Les points clés à garder en tête
- Une vraie sauvegarde conserve des versions récupérables, même si les fichiers d’origine sont supprimés ou chiffrés.
- La règle 3-2-1 reste une base solide : 3 copies, sur 2 supports, dont 1 hors ligne ou hors site.
- La synchronisation n’est pas une sauvegarde à elle seule, car elle réplique aussi les erreurs et les suppressions.
- L’immutabilité, le chiffrement et la séparation des accès font une vraie différence contre les attaques.
- Un test de restauration régulier vaut mieux qu’une politique de sauvegarde jamais vérifiée.
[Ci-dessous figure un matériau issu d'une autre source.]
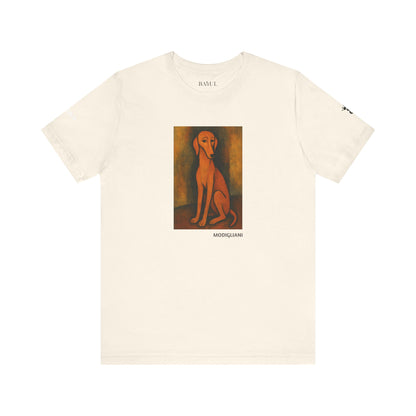 DOGART Unisex Jersey DOG T-Shirt - MODIGLIANI - Iconic Painting Reimagined with Dogs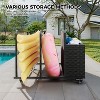Outdoor Cart Storage Box, Iron Pipe & Woven Rattan, Swivel Wheels, Double Compartments, Large Basket, 39.4", Weather-Resistant, 110 lbs Capacity - 3 of 4
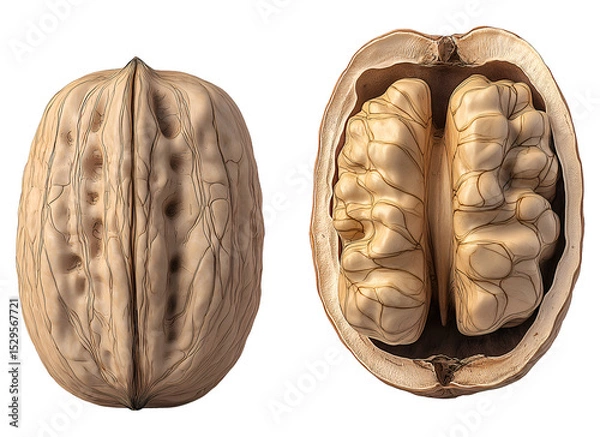 Obraz Walnuts , isolated on transparent background, png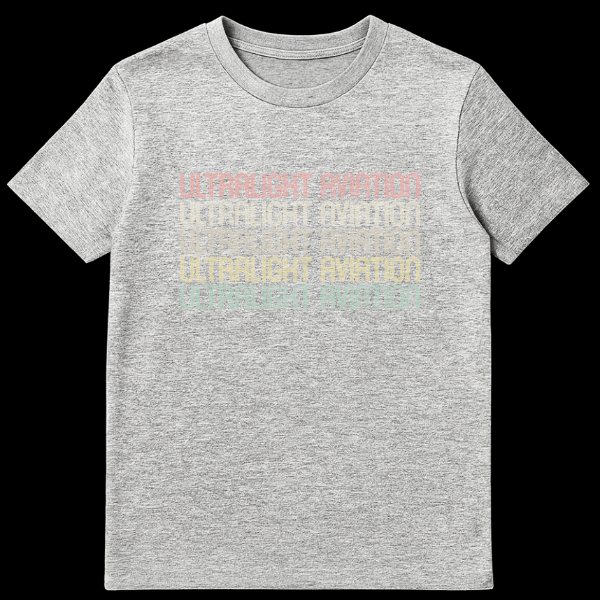 Vintage Retro Ultralight Aviation T-Shirt with stacked colorful distressed text on black background on Sports Grey t-shirt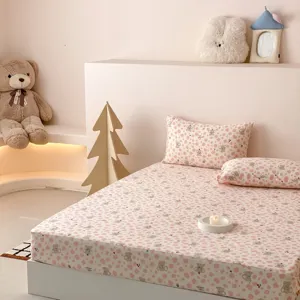 Lenzuolo con angoli in doppia garza di cotone con motivo a pois di koala per camera da letto.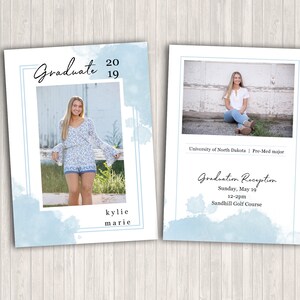 Girls modern watercolor graduation invitation, instant customizable template for photoshop users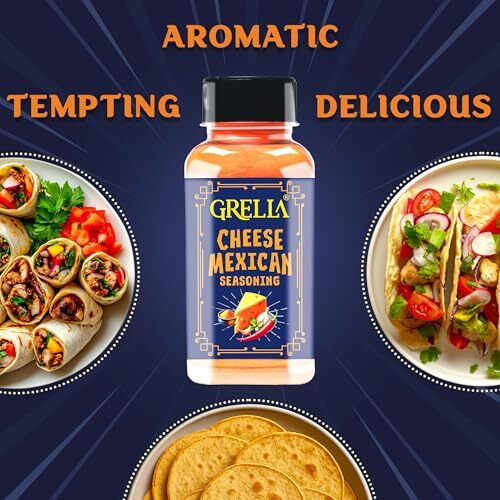 Grella Mexican Cheese Seasoning Powder 125 Gms X 2 | For Popcorn, Tacos, Pasta, Fries, Dips, And Other Snacks | Mexican Cheddar Cheese Powder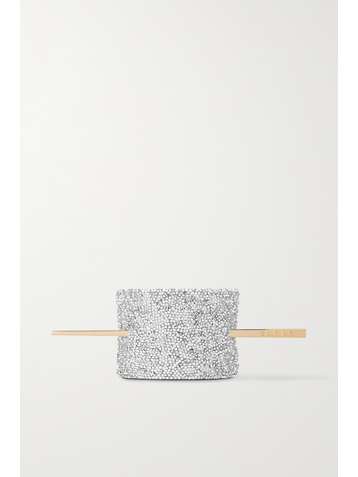 BALMAIN PARIS HAIR COUTURE Gold-tone, crystal and leather hair pin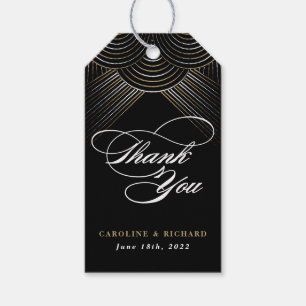 Etiqueta Para Presente A corda Dourado preta do art deco ilumina o Tag do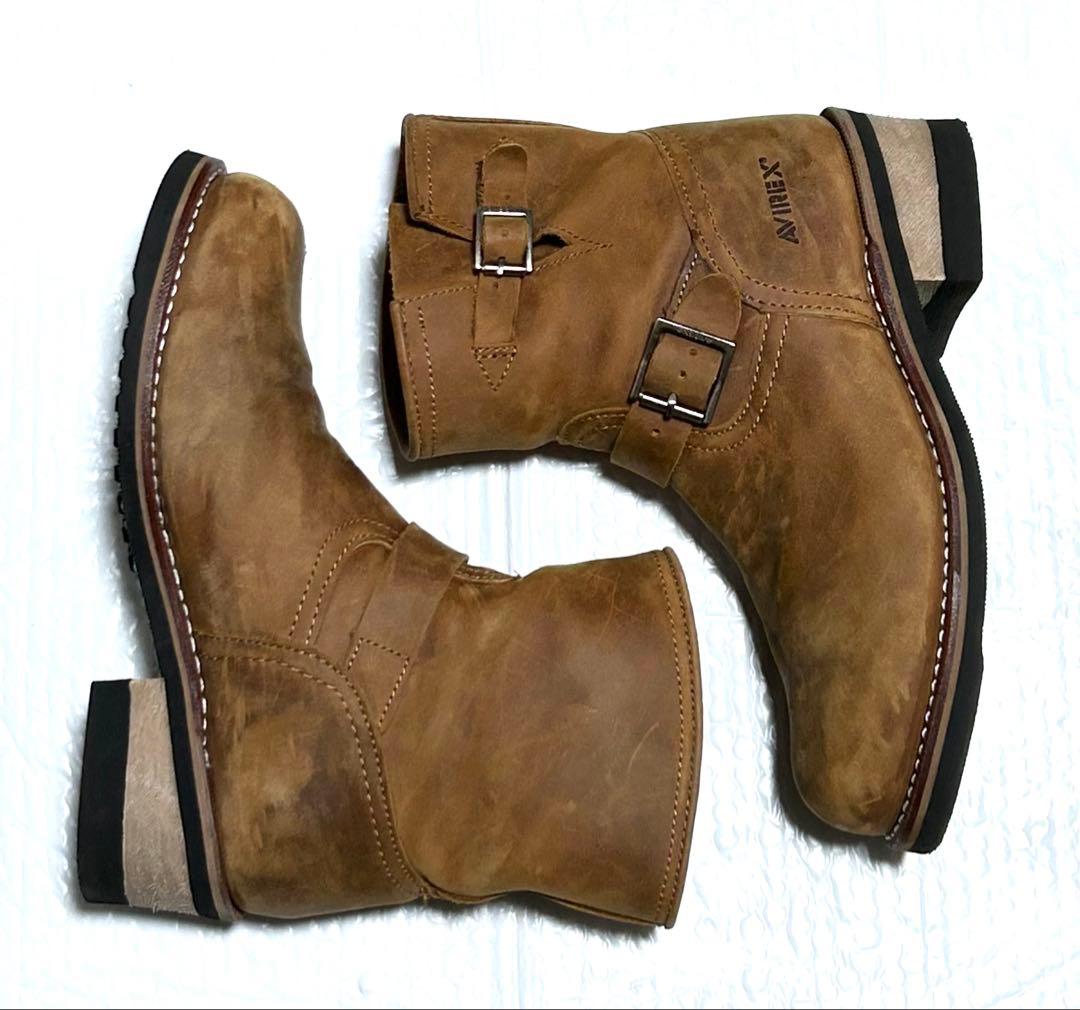 ②【27cm】AVIREX ショートエンジニアブーツRED★ハーレーWING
- En France, il faut aussi regarder la conformité, la localisation des données et les conditions de sous-traitance.
Pourquoi une copie distante change vraiment la donne
Je vois souvent la même erreur de départ : on pense avoir sécurisé ses données parce qu’elles “sont dans le cloud”. En réalité, ce qui protège vraiment, c’est la présence d’une copie indépendante, séparée du poste de travail, du serveur ou du NAS principal. Une panne matérielle, un vol d’ordinateur portable, un incendie ou un rançongiciel peuvent frapper toute l’infrastructure locale en une seule fois.
La CNIL recommande d’ailleurs une logique simple et robuste : 3 copies, 2 supports différents, dont 1 hors ligne. Cette approche garde tout son intérêt en 2026, parce qu’elle répond à un problème très concret : si une seule source de vérité est compromise, il ne reste plus rien à restaurer. Le cloud devient alors intéressant non pas parce qu’il est “moderne”, mais parce qu’il introduit une vraie séparation géographique et technique.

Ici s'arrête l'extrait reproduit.